I weigh about 165 lbs, if that matters.


----------



## cha_cha_ (Sep 27, 2008)

a buddy of mine runs his enves as everyday wheels. rain, hail, shine, racing, training, good roads, bad roads, uphill, downhill, whatever. he has the coin to replace them if he destroys them though...

personally, at 210lbs i would not run a carbon clincher as a daily wheel. i commute on some average roads and i have lots of long descents to ride down. the risk of damage imho is too great for me.

tubulars are also not an option - my commute is too long, if i get glassed at km #1, i still have 99km to go on a re-glue...

i think if i lived on the flats and rode nicer roads then i would consider it, but ultimately i would struggle to convince myself that a carbon wheel is that much better than an alu rim costing 75% less that i need it.

buy them, get tubulars, save them for racing, and just suck it up that you need a 2nd cassette, a slight derr tweak and within a few weeks you'll be swapping brake shoes within seconds...


----------



## Trower (Apr 28, 2009)

For the little tiny bit of weight you'll save, I don't think they would be worth it. Look over at bike hub store and you can build up a light weight rim combo that would be way safer than carbon.


----------



## rearviewmirror (Aug 20, 2008)

For a true daily use wheel I'd get something carbon with alloy brake track. Like the Zipp 404 or equivalent.


----------



## sevenbravo (Jan 13, 2010)

Thanks for the feedback.


----------



## wetpaint (Oct 12, 2008)

I've been using carbon wheels daily for 3 years now, I don't see any reason why not to use them. One set of carbon wheels has over 10k miles on them and the brake tract is better than a set of aluminum wheels I have with much less mileage.


----------



## jsedlak (Jun 17, 2008)

DuraAce C24 CLs offer great weight, aero and reliability advantages without having to go full carbon or deep dish. It is amazing more people don't run them. I run these on my allez and love them (I have the 7850 SLs). The big aero test a few years ago have them comparable to deep dish Mavics (skinny, deep wheels).

I run 404 FC Carbon Clinchers on my Venge "daily" (I have an allez for bad weather) and they hold up to pothole abuse in NJ wonderfully. No cracks or going out of true at all.

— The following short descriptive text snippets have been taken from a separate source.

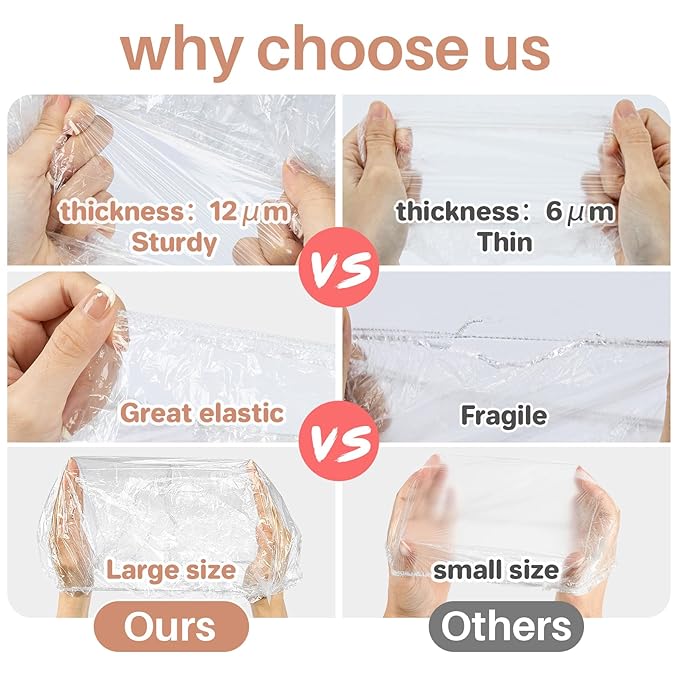 MAQIHAN 100 Disposable Shower Caps Unisex - Large Plastic Hair Caps for Deep Conditioning Shower Cap Reusable Waterproof for Women Men Hair Treatment Bath Cap for Long Hair Travel Essentials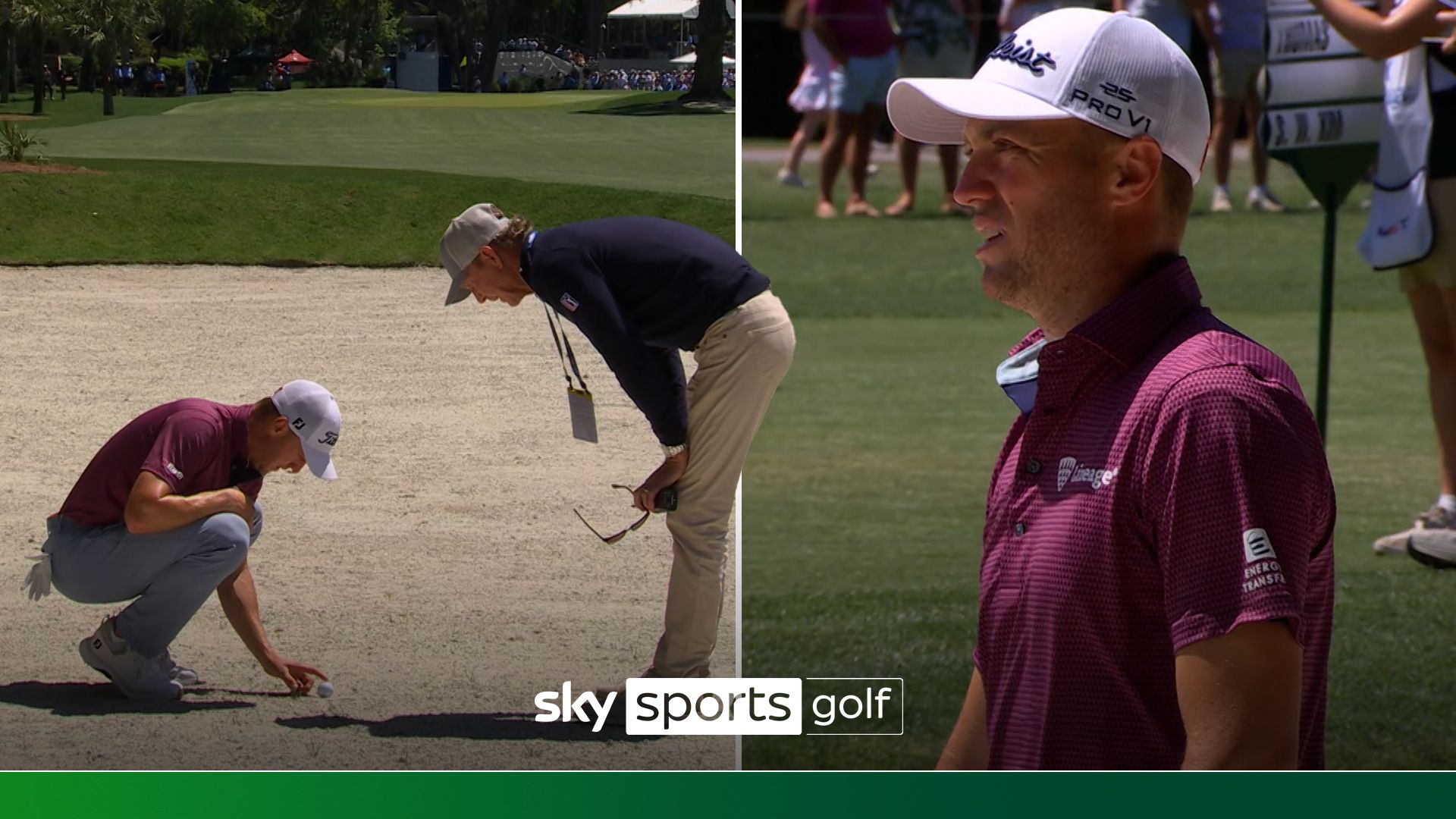 Thomas assessed a one-stroke penalty after moving ball in waste bunker!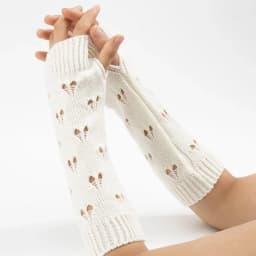 1pair Winter Warmer Women Gloves Stylish Hand Girls Lolita Arm Crochet Knitting Hollow Heart Mitten Warm Fingerless Gloves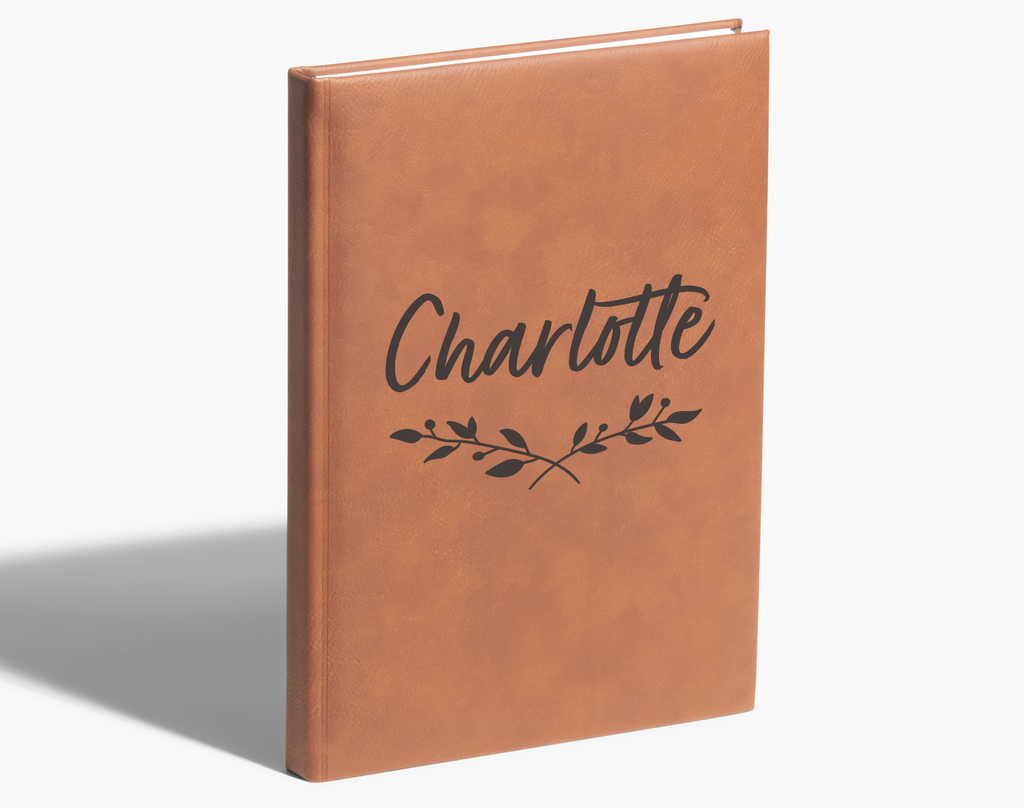 Custom leather notebook personalized with the name &ldquo;Charlotte&rdquo;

But I have 4 bikes (and weigh 170#)... if I had just one bike and "did it all again" I would absolutely get C24 CLs for daily use and 404 tubulars for race day. Carbon clinchers are certainly practical in most areas; but not when you have the choice of running C24s.


----------



## philbennett (Jan 20, 2012)

I run Reynolds as my dailies and have for two years with no issues. I've talked with several folks who do the same and at least a couple of them have gone more than 15K miles with no issues. I live in the land of medium sized rollers rather than the mountains, which I'm sure has an effect.


----------



## Dan Gerous (Mar 28, 2005)

Full carbon clinchers? I'd trust the big names like Zipp, Enve... but they'll be out of your budget. The cheap options... well, if you don't have big hills to go down maybe but, let's say I have melted 3 carbon clincher rims in about 2 months last year. I'd prefer alloy brake tracks but these get heav... again, it matters depending of the terrain.


----------



## Fireform (Dec 15, 2005)

I ride carbon tubulars all the time, everywhere. Zipp 303s and AC 58s, depending on how windy it is. They're practical for me.


----------



## Chris-X (Aug 4, 2011)

Depends how you define practical. My short answer is no. Considering alloy rims with 105 hubs can be had for 20% of the cost of the cheapest carbon wheels, with 99% of the performance, at least, how can carbon be considered practical?


----------



## ericm979 (Jun 26, 2005)

If you don't ride in the rain much, or do steep technical descents that overheat carbon clinchers, the only drawback is the cost of replacing a rim should you damage or wear it out.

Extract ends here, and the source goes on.